Les brèves

Je veux témoigner jusqu'au bout : journal 1942-1945

Michaela Wiegel, créée le 21-09-2025

"Je conseille également le journal de Victor Klemperer (qu’il a tenu de la République de Weimar jusqu’à la fin de la guerre). On y suit la lente marche vers l’exclusion et l’anéantissement des Juifs, et on est frappé par les similitudes avec certains discours publics d’aujourd’hui.
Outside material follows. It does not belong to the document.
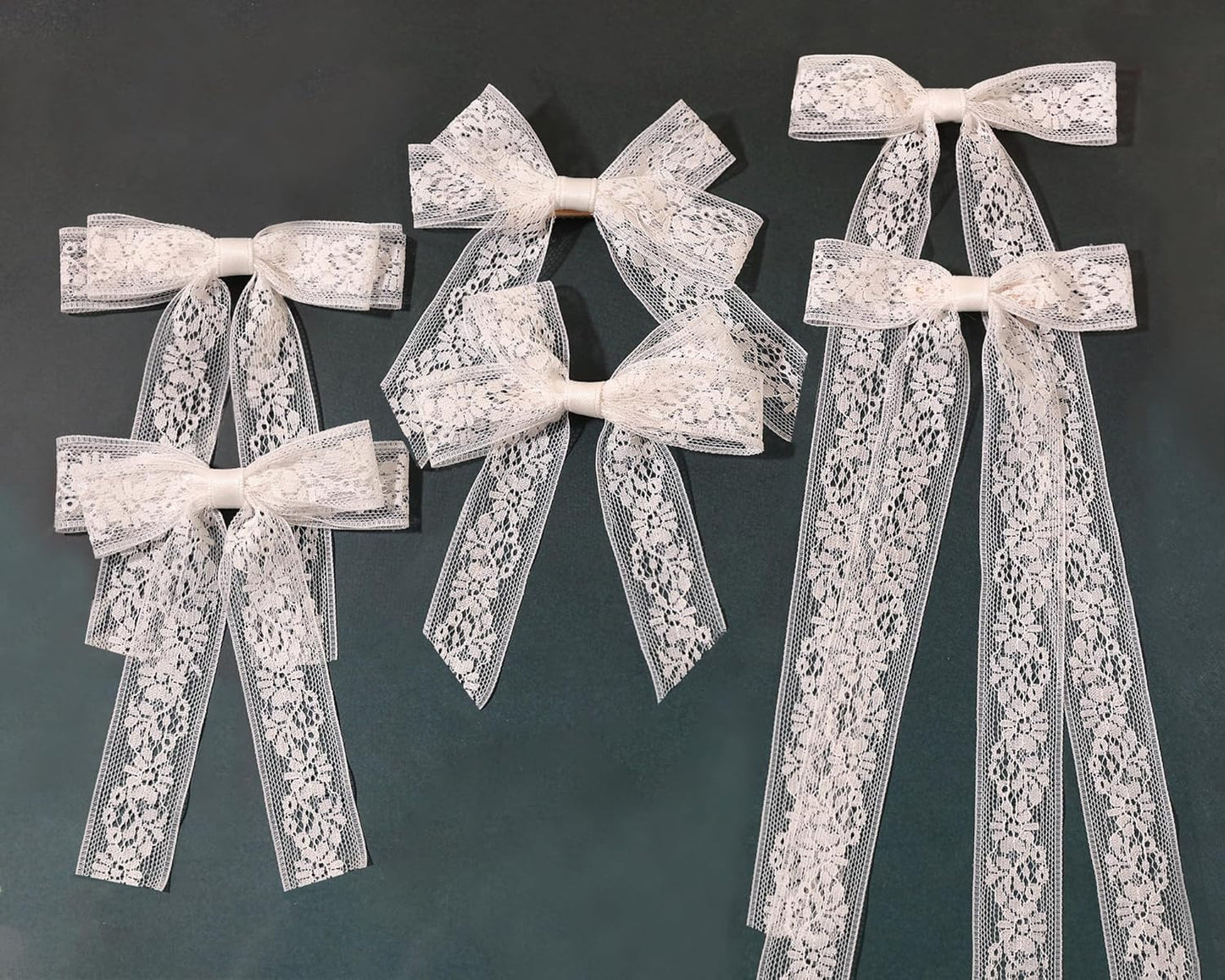 Skiennix White Lace Tulle Hair Bows - Long Tail Ribbons & Tassel Barrettes for Women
Un texte bouleversant qui permet de mesurer, presque au quotidien, la montée de l’oppression et la façon dont elle a été vécue par les victimes."


La joie ennemie

Lionel Zinsou, créée le 21-09-2025

"Je recommande ce livre de la jeune écrivaine algérienne Kaouther Adimi, qui raconte l’histoire d’une enfant puis d’une adolescente marquée par la décennie noire en Algérie, lorsque le terrorisme du GIA a ensanglanté le pays. Ce témoignage montre comment ce traumatisme se poursuit dans sa vie d’adulte, aujourd’hui en France. Un texte magnifique, écrit dans une langue qui rappelle Camus, et qui fait revivre toute l’intensité de la guerre civile et de ses cicatrices. Le cadre choisi par l’auteure m’a particulièrement frappé : elle écrit en passant une nuit au musée Picasso, une autre à l’Institut du monde arabe, notamment autour d’une exposition consacrée à Baya, grande artiste algérienne des années 1940 à 1960. Ces nuits au musée (qui font partie d’une collection des éditions Stock, où des intellectuels et des artistes se retrouvent enfermés avec les œuvres) déclenchent en elle une série de réflexions et d’émotions très puissantes. C’est à la fois un texte magnifiquement écrit et un témoignage terrible sur la guerre civile."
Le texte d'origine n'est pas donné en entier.